Bilirkişi bilgisayar mühendisi …’nin 16/08/2016 tarihli bilirkişi raporunda; yapılan incelemede özellikle yanında yıldız bulunan, süper hızlı kargo İbareleri ve çeşitli indirimlerle ürünlerinin fotoğraflamasını yapmış veürünlerin büyük çoğunluğunun tedarikçisinin … olarak belirtildiğini, site üzerinde diğer tedarikçilerin …, …, … ve …. firmaları da olduğunu, raporda işaretli ürünlerin … yani Davalı … Hizmetler ve tarafından satışa sunulduğunun tespit edildiğini bildirmiş ancak raporda sahtelik, marka ihlali gibi değerlendirmeler yapılmamıştır
Bilirkişiler …, …, … 04/08/2017 tarihli bilirkişi raporlarında;soruşturma dosyasındaki görsellerden keza … 3.Asliye Hukuk mahkemesinde yer alan ürünler ile Orijinal ürünlerin incelenmesinden haraket ile Davacıya ait tescilli markanın iktibas (aynen taklit) edilmesi suretiyle kullanıldığı ürünlerde, marka hakkına tecavüz fiili işlendiğini, Davacı yanın davalılardan … hiçbir satışının söz konusu olmadığını, 2008 yılından başlamak Üzere, dava tarihine kadar olan süreçte davaya konu ürünü sadece … Şti. ne sattığı, Davacı yanın incelemeye ibraz ettiği kurumlar vergi beyannamelerinin ekinde yer alan gelir tablosu verilerinden, 2011-2015 yılları arasındaki ortalama faaliyet kar (satış hasılatından giderler düşüldükten sonra kalan tutar) oranının 0,05 olduğu, davacı yanın, davalı yanın yetkili firma dışındaki firmalardan tedarik ederek satmış olduğu ürünleri kendisinin satmış olması ihtimali halinde 316.486,56 x 0,05 – 15,824,33 TL kar elde edeceğini, bu anlamda davacı yanın 15.824,33 TL kardan mahrum kaldığı değerlendirilebileceğini bildirilmişlerdir.
Bilirkişiler …, …, … 07/02/2018 tarihli EK bilirkişi raporlarında; Ürünlerin içeriğinde bulunan yağ özellikleri ve speklerinin adli emanet şartlarında inceleme imkanı bulunmadığından yalnızca ürünlerin ambalajları üzerinden inceleme yapıldığı, Davalı yanın kullanımlarının 556 sayılı KHK m. 9/1-a uyarınca iktibas oluşturduğu ve davacı yanın marka hakkına tecavüz teşkil ettiğini,Davalı yanlar arasında akdedilen tedarikçi sözleşmesi neticesinde yapılan alım satımlara ve davalı … ün ürünlerin …’e satı madan önceki alım satımlarına ilişkin faturalara bakıldığında; davalı … bu ürünleri dava dış, “…” isimli şirketten, bu şirketin ise dava dışı … Tie Ltd Şti ‘den aldığının görüldüğü,… Tic.

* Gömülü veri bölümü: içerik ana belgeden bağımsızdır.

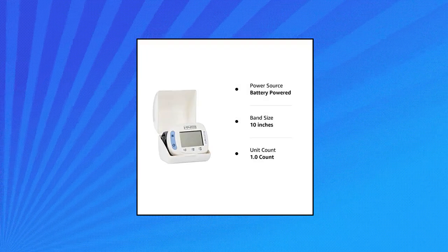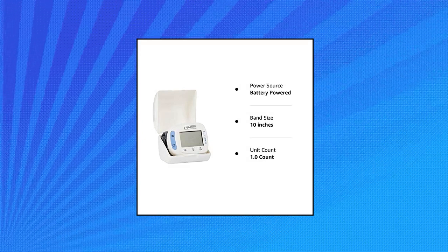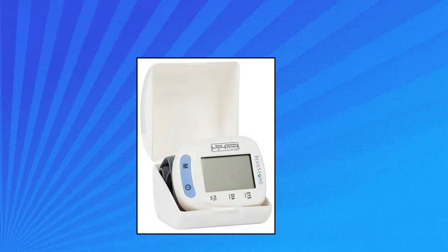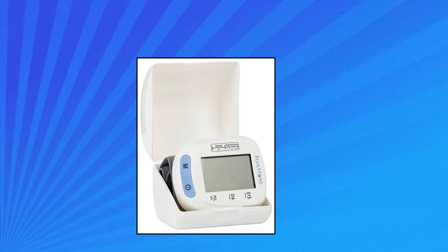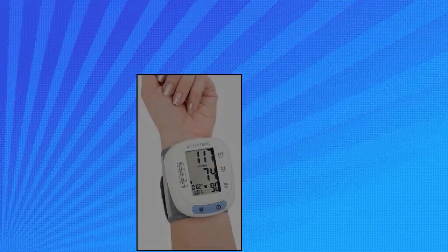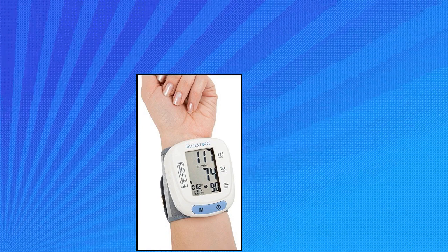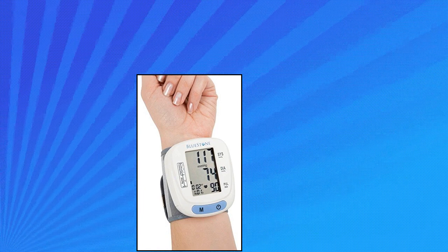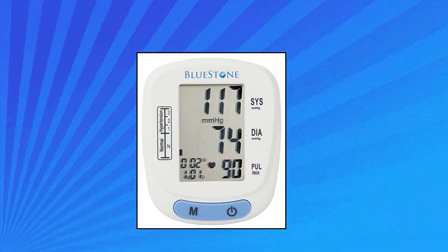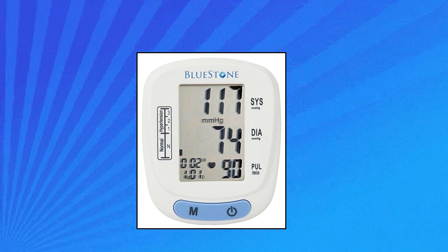Blood pressure monitor with heart rate — automatic wrist cuff blood pressure machine with LCD display. Read your pulse and systolic and diastolic blood pressures quickly with this automatic blood pressure cuff. Simply place the cuff around your wrist and touch the power button for fast, fuss-free readings on the large LCD display. Designed to meet standards set by the World Health Organization, this BP monitor includes a hypertension indicator so you know when to seek medical help.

Ltd.Şti. de bu malları davacı … Şti.’nden aldığını gösteren faturalı belgeden hangi malın ne zaman alındığına dair net edilemediğinden bu hususta bir tespit yapmasının mümkün bulunmadığını bu hususa ilişkin tespitin gerek görülmesi halinde Mahkemece yapılması gerektiğini, Dava dilekçesinde ileri sürülen “2015 yılı için söz konusu sahte ürünlerin davalılardan … Ticaret Ltd. Şti.’den tedarik edildiği” hususunun tespit edilemediğini, mahkemece bir tazminata karar verilmesi halinde davacının seçim yöntemine göne 556 sayılı KHK’nın 66/1-a maddesi gereğince hesaplanan tazminat tutarının, rapor içerisinde açıklanan nedenlerle, kök raporda belirlenen 15,824,33 TL ile bu defa davacı yanın beyanları dikkate alınmak sureti ile hesaplanan ilave 15.196,62 TL’nin 2012-2016 yılları arasında satış hacmindeki düşüşün, salt davalı yanların eylemlerine bağlı olduğu kabulünden hareketle yapılmış olduğunu, takdirin mahkeme ait olduğunu bildirmişlerdir.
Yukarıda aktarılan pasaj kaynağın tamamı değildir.